I believe instead that the millennium is now (amillennialism). We are now reigning with him (Rom 5:17) Not only do I believe that it is Biblically correct, it is also the view that fits best with the “more” mindset. We are charismatics because we believe that you can have “more of God” than you currently have. His glory can be further revealed – in salvations, healings, and deliverances, but also in the transformation of cultures and institutions. The long view of history gives us a goal to focus on in between the exciting revivals. Even if no one is currently being slain in the Spirit, we can go about bringing more of heaven to earth, expanding our Father’s Kingdom.
Theology of the Possible
What does all this mean? Ultimately, charismatic theology is about the arc of what is possible. We can live the God kind of life in increasing measure here on earth, in the now, and in the future. We can have great hope instead of despair. We believe that the church and the individual have the possibility to be more like God than they are and that is what God is taking us to, one step at a time. The “more of God” worldview means a present millennium, the progressive restoration of the church, and an openness to what God is saying “now” through the church.

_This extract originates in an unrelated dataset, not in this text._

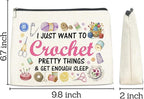 Crochet Gifts Makeup Bag for Crocheters Knitters, Crochet Lovers Knitting Gifts for Women Mom Grandma Cosmetic Bag with Zipper Travel Toiletry Pouch for Purse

To read more about the purpose of God in history, check out my book Cracking the End Time Code.
Will Riddle
Bernie, Thanks a lot for stopping by State of the Church. I am aware that there is a postmil stream that is non-Theonomic. Jack Davis' "Victory of Christ's Kingdom" is such a view. I don't see a large difference between the optimistic amil some call "present mil" and this kind of postmil. Since this view is the minority postmil view in our time, I don't focus on it here. Jonathan Edwards was a little different -- he was looking for a millennium to start an age of glory whereas amil and Davis' view follow Augustine in saying that the millennium already has started. A reading of history supports the idea that things are in fact getting better.